The inalienable rights of prostitutes

No one should control anyone else's body -- or mind.

No one should control anyone else's body -- or mind.

By Henry McRandall
WRISEUP.COM

It is often said that prostitution is the oldest profession known to mankind. Whether or not that is true, it is certainly true that sex-trade workers have the longest history of professional persecution – and not just by the law.
Most prostitutes have routinely experienced persecution at the hands of the law,
their “tricks” or “johns” and, perhaps most tragically their pimps or “managers.”
Quite recently, an Ontario court struck down many parts of the federal prostitution-related laws and Ottawa is preparing an appeal.
But instead of appealing the lower-court ruling, the federal government should seek a formula for overhauling the prostitution-related laws to the best benefit of all.
Technically, prostitution itself has long been legal in Canada. But just about every activity related to prostitution is illegal.
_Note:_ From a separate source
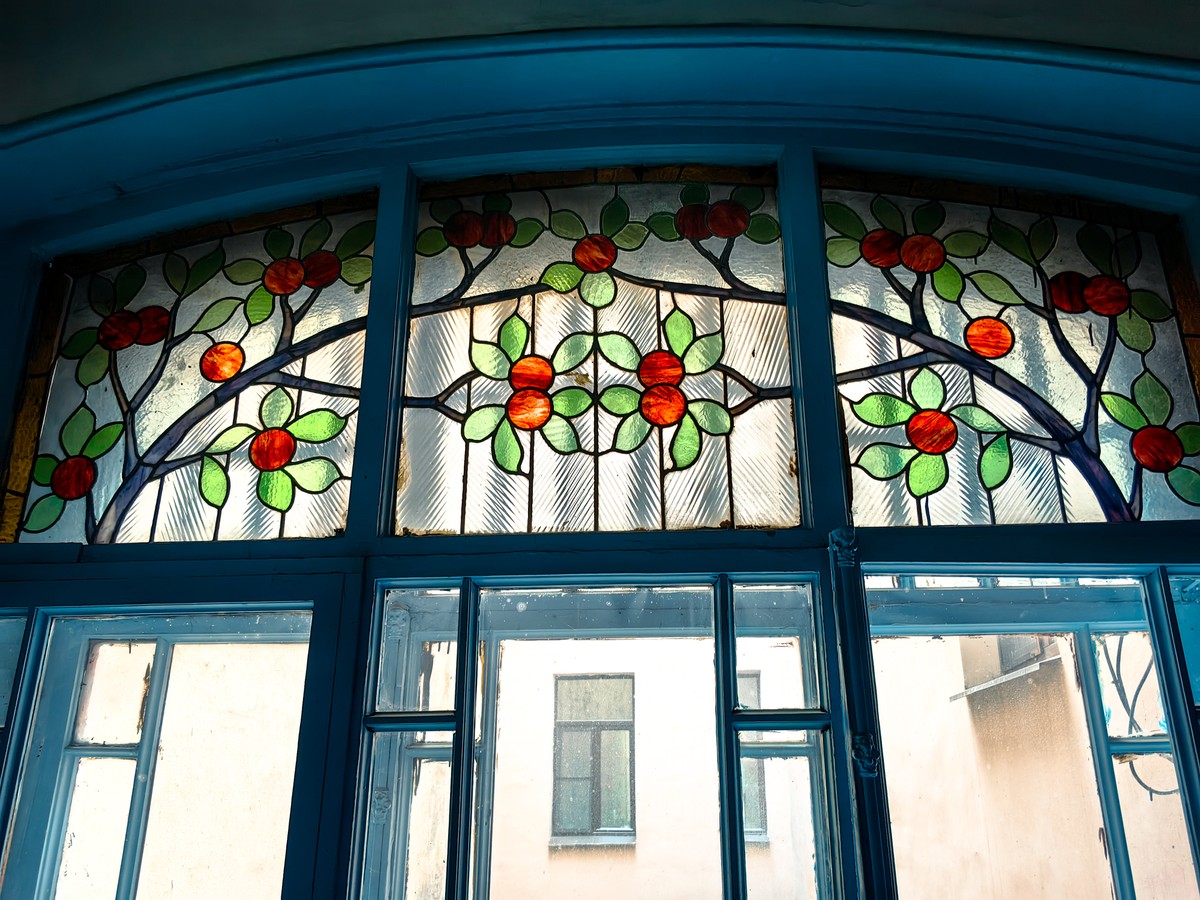 Петербургский модерн: архитектурная прогулка с посещением старинной коммуналки (3/9)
Some of that activity should be illegal, but also some of it should be legal.
As with alcohol and drugs, no government in the world has ever been successful in eradicating it by prohibition.
Just as alcohol and tobacco are almost universally available, so are sex-trade workers.
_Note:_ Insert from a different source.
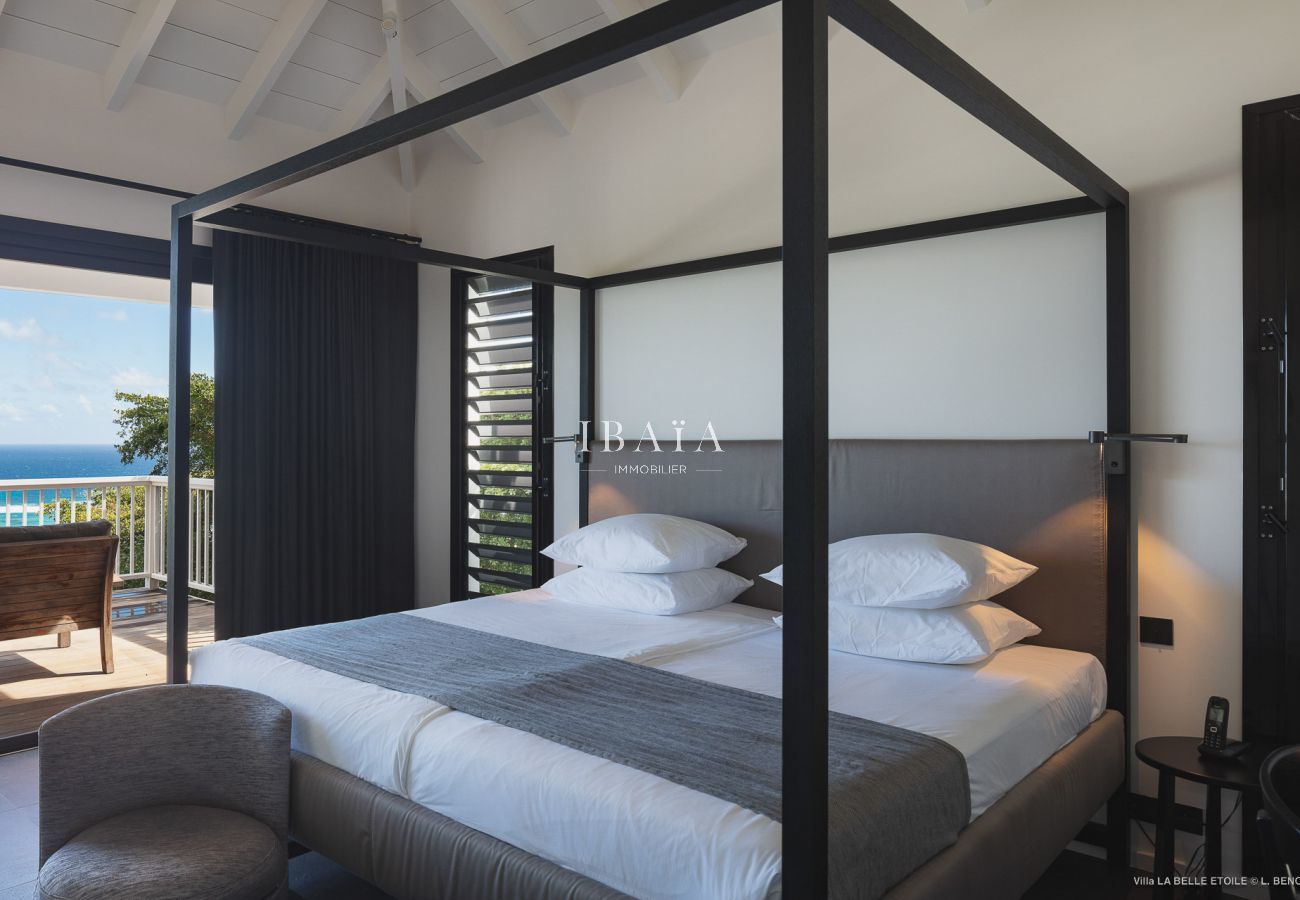 Villa à Saint Barthélemy - Villa Belle Etoile (5 bedrooms)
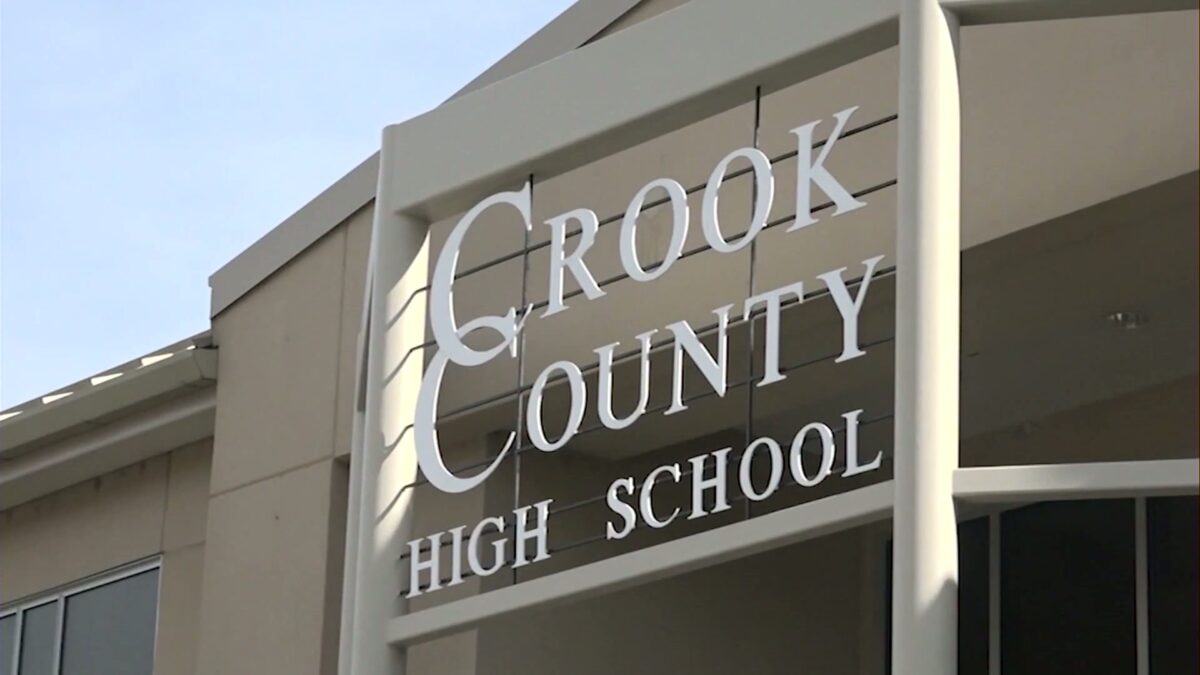 Crook County schools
The only thing that has ever been achieved through existing laws on prostitution and prostitution-related activities, such as soliciting or “communicating for the purpose”,
has been to force the activity underground, endanger the lives of sex-trade workers and make make pimps rich.
In overhauling the laws and making them Constitutionally acceptable, the goal should be, first and foremost, to make life less dangerous for sex-trade workers and, secondly, to makes such encounters safer for both the sex-trade worker and the “trick” or “john”.
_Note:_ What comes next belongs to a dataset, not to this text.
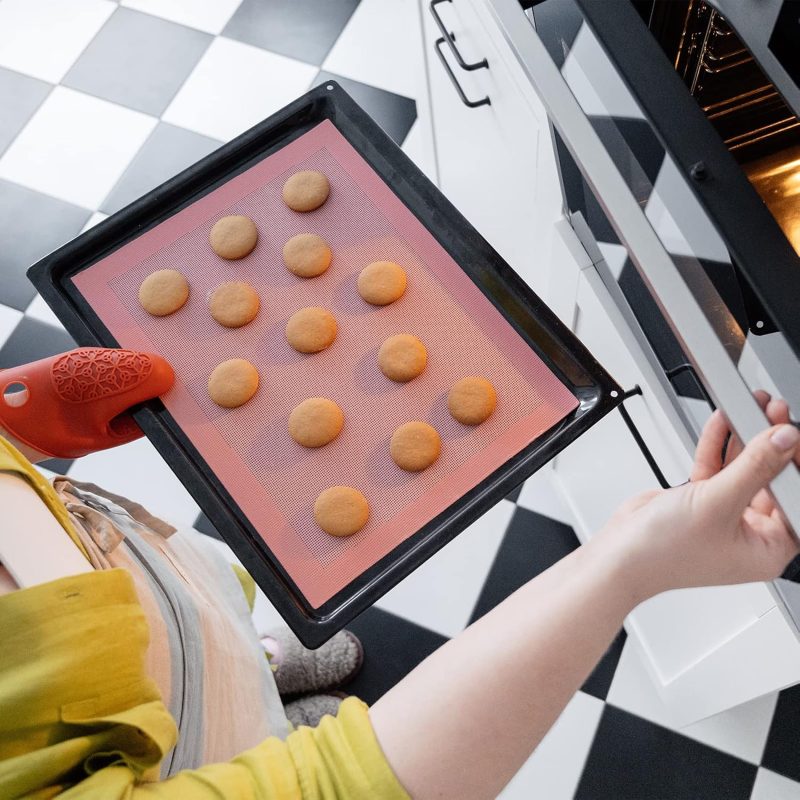 Amyone Perforated Baking Mats - Image 6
Thus there should be no law preventing a prostitute from practicing his or her trade openly,
such as “soliciting” or “communicating for the purpose” laws.
And there should be no fear of the law preventing a sex-trade worker from bringing criminal and/or civil charges against a pimp or even a “bad trick.”
Prostitution, in and of itself, need not be a problem, as long as all participation is consensual and all parties take the proper health precautions.
But pimping and pimping-related activities are a problem: “procuring,” “exercising control,” “unlawful confinement” and “living off the avails,” and other illegal activities carried out in order to facilitate pimping (such as drugging or causing a person to become addicted to a drug).
As long as a person, male or female, is of age to consent (16 in most jurisdictions) to having sex with an adult, he or she should also be completely free to set the terms of such encounters.
Pimping, however, is another ball of wax. A pimp or “manager (of prostitutes)” – as they prefer to call themselves – is amongst the lowest forms of human scum. For the most part, they are cowards who only succeed by preying mercilessly on persons who are weaker than them. And to the average Canadian pimp, the average prostitute in Canada is worth more than $280,000 a year.
No person has the right to ever control another person’s body or mind. And anyone who tries to exercise such control must be dealt with harshly.
Make prostitution at 16 or older totally legal. But make pimping, in all its forms, very costly.
“Procuring,” “exercising control,” “unlawful confinement,” “living off the avails (of someone else’s sexuality)” and the use of violence, alcohol, drugs or extortion in order to facilitate the previous activities should carry a minimum sentence of five to twenty-years. Committing any of those crimes against someone younger than sixteen years of age or making or distributing child pornography should be punishable by a mandatory ten to twenty-five years.
And the policeman should become the prostitute’s protector rather than his or her persecutor.